What Does It Mean to Design
Something That Lasts?
The most enduring objects in our world weren't designed to be timeless — they were designed to be honest.
Thonet Chair No. 14, circa 1859. Still in production. Still necessary. — Photograph courtesy of Vitra Archive
There is a Thonet chair in my grandmother's kitchen that has been there since before I was born. It has been repaired twice — once a leg, once the caning — and it shows its age in the honest way that only wood can: a deepening of color, a smoothness where hands have rested, a particular creak on cold mornings that I now find entirely comforting.
I think about this chair often when I encounter the contemporary conversation about sustainable design, because the chair was never designed to be sustainable. It was designed to be made well. The longevity was a consequence of the intention, not the other way around.

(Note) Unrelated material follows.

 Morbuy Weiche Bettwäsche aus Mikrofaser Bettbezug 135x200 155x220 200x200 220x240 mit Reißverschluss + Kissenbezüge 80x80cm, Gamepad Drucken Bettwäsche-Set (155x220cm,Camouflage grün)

The Question We're Not Asking
When we talk about design that lasts, we tend to reach immediately for material specifications — the grade of the steel, the source of the timber, the weight of the ceramic glaze. These things matter. But they are answers to a question we have yet to properly ask.

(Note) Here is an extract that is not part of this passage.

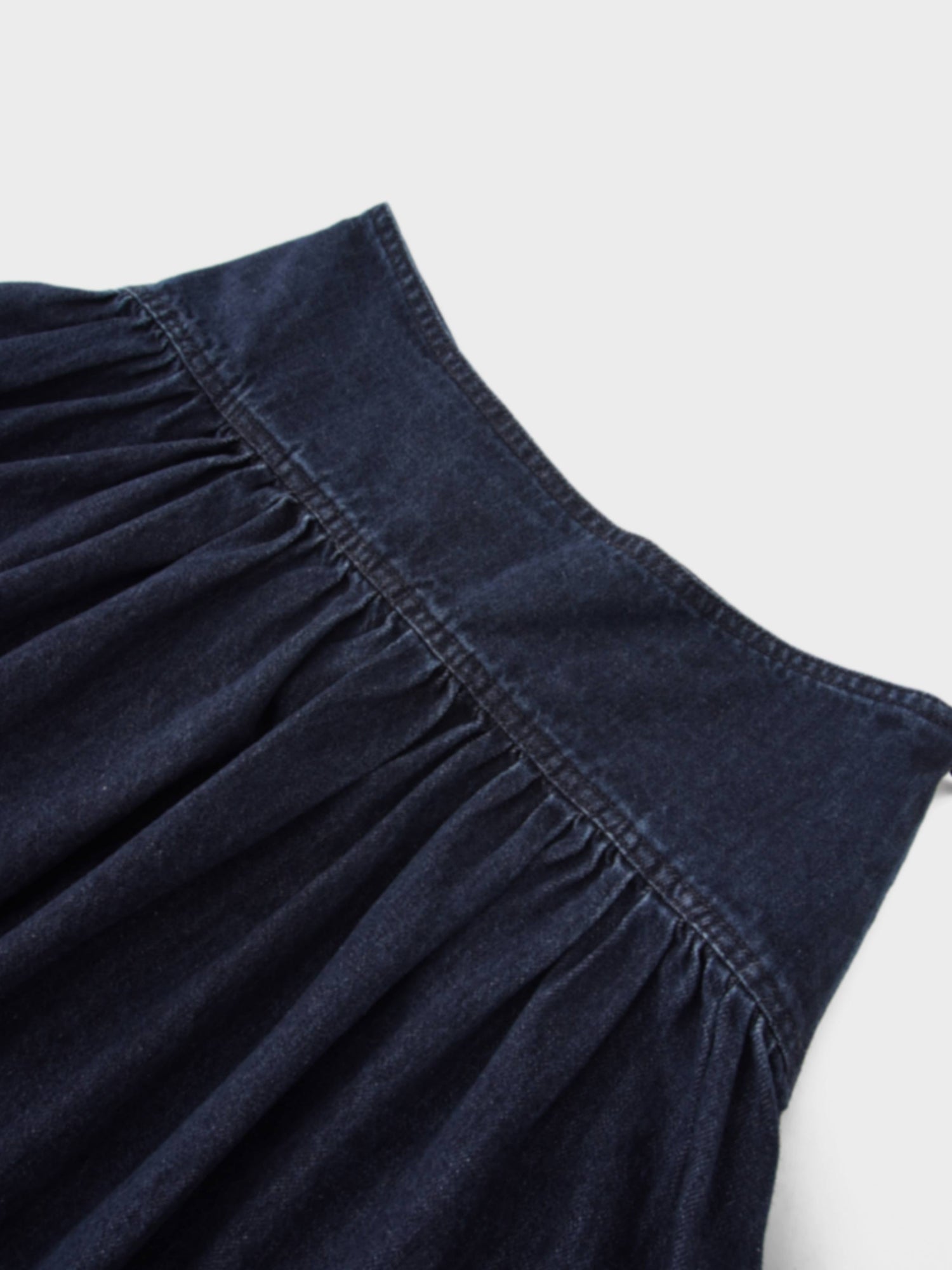 Washed Curved Yoke Denim Skirt-Dark Blue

The most enduring things were never designed to be timeless. They were designed with a clarity of purpose so complete that time simply had nothing to argue with.
The designers I find most compelling are often the quietest ones — those working in small studios, making decisions that no one will ever notice, precisely because those decisions are so right that they become invisible. A handle that sits perfectly in the hand. A door that closes with exactly the right resistance. A chair that has held three generations of a family without ever demanding to be noticed.
Material Honesty
To design honestly with material is to understand what a thing wants to be. Wood wants to move — it expands and contracts with moisture and season, and the best wooden objects account for this, are built around it, find their beauty in it. To fight against the nature of a material is to guarantee eventual failure. To work with it is to participate in something larger than the object itself.